Principales conclusions

  • L’UE est le premier investisseur mondial en Israël, avec près de deux fois plus d’investissements que les États-Unis. Selon les dernières données du FMI sur les investissements étrangers, les États membres de l’UE détenaient 72,1 milliards d’euros d’investissements étrangers en Israël en 2023, contre 39,2 milliards d’euros pour les États-Unis.
  • Israël a lui-même investi 65,9 milliards d’euros dans l’UE, soit sept fois plus qu’aux États-Unis (8,8 milliards d’euros). Cela fait de l’UE la principale destination des investissements israéliens.
  • Malgré le génocide perpétré par Israël contre les Palestiniens à Gaza et son occupation illégale des territoires palestiniens occupés, l’UE a augmenté ses exportations vers Israël d’un milliard d’euros, passant de 25,5 milliards d’euros en 2023 à 26,7 milliards d’euros en 2024.
  • L’UE est le premier partenaire commercial d’Israël, et le total de ses échanges commerciaux avec Israël en 2024, importations et exportations confondues, s’est élevé à 42,6 milliards d’euros. Ce chiffre est nettement supérieur à celui des États-Unis, dont le commerce avec Israël a totalisé 31,6 milliards d’euros la même année.
  • Parmi tous les États membres de l’UE, les Pays-Bas sont de loin le plus grand investisseur en Israël et représentent les deux tiers des investissements de l’UE dans ce pays. En fait, aucun autre pays au monde n’investit autant en Israël. Avec 50 milliards d’euros d’investissements détenus par des entreprises néerlandaises en 2023, les Pays-Bas devancent même les États-Unis. À l’inverse, les Pays-Bas sont également la première destination des investissements israéliens, attirant six fois plus d’investissements que les États-Unis.

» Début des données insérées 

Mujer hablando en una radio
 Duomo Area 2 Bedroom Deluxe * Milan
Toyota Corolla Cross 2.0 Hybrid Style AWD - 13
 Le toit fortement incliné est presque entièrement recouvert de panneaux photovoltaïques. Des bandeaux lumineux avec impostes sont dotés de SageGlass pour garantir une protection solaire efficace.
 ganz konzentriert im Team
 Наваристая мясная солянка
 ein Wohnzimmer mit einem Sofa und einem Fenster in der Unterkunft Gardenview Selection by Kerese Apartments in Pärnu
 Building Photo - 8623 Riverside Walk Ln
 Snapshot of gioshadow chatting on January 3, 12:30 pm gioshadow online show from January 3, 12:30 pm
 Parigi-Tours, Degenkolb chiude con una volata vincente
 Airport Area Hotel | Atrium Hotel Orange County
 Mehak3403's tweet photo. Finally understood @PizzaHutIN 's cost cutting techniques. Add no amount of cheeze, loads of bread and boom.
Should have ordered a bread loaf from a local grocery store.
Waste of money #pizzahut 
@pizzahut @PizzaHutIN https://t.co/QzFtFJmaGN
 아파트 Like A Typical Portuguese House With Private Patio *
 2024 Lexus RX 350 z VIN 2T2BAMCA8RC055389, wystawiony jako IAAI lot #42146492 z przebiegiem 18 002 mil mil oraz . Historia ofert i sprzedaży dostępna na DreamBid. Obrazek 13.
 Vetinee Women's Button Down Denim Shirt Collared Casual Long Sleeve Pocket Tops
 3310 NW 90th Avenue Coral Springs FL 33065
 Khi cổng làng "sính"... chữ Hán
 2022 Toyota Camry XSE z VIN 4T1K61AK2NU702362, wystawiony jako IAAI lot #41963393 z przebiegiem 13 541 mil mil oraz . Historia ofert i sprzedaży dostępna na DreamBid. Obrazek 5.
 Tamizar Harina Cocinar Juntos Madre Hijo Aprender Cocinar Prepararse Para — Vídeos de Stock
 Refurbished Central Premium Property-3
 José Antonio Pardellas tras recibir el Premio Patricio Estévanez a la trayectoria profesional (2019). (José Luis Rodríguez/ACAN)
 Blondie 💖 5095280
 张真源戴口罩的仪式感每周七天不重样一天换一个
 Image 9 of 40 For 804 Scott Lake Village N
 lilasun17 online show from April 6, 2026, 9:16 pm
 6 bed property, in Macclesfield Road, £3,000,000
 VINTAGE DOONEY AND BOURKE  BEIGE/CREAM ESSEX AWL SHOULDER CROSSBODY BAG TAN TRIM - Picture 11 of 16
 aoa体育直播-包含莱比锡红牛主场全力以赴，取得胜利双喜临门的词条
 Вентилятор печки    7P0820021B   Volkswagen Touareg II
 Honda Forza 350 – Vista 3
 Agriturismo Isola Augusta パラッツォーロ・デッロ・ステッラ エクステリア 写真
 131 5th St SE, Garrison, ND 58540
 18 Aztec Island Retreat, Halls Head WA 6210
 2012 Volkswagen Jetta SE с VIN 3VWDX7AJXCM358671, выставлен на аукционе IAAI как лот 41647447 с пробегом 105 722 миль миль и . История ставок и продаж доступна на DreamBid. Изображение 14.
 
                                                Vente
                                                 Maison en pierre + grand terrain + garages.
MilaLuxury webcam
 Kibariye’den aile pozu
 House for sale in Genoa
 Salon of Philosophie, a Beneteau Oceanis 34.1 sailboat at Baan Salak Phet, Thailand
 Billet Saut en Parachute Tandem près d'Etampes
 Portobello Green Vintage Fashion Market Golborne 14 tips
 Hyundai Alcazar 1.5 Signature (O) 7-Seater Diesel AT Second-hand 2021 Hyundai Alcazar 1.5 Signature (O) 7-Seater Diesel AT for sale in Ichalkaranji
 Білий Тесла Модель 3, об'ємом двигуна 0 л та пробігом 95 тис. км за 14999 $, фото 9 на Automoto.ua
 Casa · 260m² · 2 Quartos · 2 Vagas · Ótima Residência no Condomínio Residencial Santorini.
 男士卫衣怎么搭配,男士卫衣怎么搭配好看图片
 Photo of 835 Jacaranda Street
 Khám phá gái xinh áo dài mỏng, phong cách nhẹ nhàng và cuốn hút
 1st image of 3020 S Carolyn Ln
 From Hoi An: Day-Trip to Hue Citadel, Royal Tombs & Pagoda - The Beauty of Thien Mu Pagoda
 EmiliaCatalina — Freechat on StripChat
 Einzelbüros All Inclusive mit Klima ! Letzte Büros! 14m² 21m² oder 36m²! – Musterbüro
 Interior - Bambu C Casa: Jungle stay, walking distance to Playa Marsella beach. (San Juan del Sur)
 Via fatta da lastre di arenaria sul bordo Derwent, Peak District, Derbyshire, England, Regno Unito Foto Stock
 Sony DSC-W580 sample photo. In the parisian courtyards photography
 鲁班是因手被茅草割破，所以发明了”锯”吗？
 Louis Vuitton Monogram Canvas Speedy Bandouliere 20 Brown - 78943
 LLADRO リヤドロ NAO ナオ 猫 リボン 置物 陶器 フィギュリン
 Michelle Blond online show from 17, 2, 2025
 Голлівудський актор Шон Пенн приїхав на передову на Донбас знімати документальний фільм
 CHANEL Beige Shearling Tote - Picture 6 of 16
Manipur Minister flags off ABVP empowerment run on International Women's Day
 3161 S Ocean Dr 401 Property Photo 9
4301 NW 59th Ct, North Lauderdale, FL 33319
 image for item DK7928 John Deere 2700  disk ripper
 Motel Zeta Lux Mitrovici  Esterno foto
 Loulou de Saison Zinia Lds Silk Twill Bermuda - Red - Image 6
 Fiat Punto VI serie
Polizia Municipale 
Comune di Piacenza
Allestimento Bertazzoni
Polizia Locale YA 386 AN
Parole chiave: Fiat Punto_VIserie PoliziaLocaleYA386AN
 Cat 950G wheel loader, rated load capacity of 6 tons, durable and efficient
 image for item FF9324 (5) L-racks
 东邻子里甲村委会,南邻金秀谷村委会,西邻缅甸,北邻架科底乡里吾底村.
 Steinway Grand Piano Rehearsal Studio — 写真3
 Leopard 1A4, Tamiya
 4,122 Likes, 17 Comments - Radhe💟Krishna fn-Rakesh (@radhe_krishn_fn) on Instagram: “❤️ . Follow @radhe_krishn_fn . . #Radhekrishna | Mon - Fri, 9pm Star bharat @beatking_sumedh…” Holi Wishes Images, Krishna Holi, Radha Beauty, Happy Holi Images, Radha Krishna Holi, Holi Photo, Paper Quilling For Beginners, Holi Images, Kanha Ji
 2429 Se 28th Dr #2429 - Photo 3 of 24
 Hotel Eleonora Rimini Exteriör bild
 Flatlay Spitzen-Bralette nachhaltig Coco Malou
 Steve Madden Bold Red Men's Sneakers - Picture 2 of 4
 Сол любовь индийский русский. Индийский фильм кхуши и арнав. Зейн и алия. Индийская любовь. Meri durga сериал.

Les liens économiques étroits entre l’UE et Israël

La Commission européenne et les ministres des Affaires étrangères de l’UE se réunissent le 15 juillet à Bruxelles pour décider de la ligne de conduite de l’UE à l’égard d’Israël. Cette réunion fait suite à la reconnaissance publique par l’UE, en juin, qu’Israël pourrait avoir violé l’article de l’accord d’association UE-Israël relatif aux droits humains. En vertu de cet accord, une telle violation devrait amener l’UE à revoir et à suspendre les avantages commerciaux accordés à Israël. Une telle suspension ne constituerait toutefois qu’une mesure minimale, compte tenu de l’ampleur des crimes atroces commis par Israël et du fait que l’UE continue de lui fournir des armes.

L’analyse de SOMO sur les relations commerciales et d’investissement de l’UE avec Israël montre que l’économie européenne est profondément imbriquée dans celle d’Israël. L’UE est la première source d’investissements étrangers et le premier partenaire commercial d’Israël, et a même augmenté ses exportations vers Israël depuis le début du génocide. Cela signifie que l’UE est le principal moteur de l’« économie du génocide » d’Israël, fournissant au gouvernement israélien les revenus et les ressources indispensables pour poursuivre son occupation illégale et son génocide contre le peuple palestinien.

Dans son dernier rapport, intitulé « D’une économie d’occupation à une économie de génocide », la rapporteuse spéciale des Nations unies sur les territoires palestiniens occupés (TPO), Francesca Albanese, a enquêté sur la complicité d’entités privées dans les crimes internationaux liés au génocide perpétré par Israël à Gaza et à l’occupation illégale des TPO. Elle affirme qu’Israël passe d’une économie d’occupation à une économie de génocide. Au sujet de la poursuite des profits tirés du génocide à Gaza et de sa facilitation, elle déclare : « Au cours des 21 derniers mois, alors que le génocide perpétré par Israël a dévasté la vie et les paysages palestiniens, la bourse de Tel Aviv a bondi de 213 %, accumulant 225,7 milliards de dollars de gains boursiers. »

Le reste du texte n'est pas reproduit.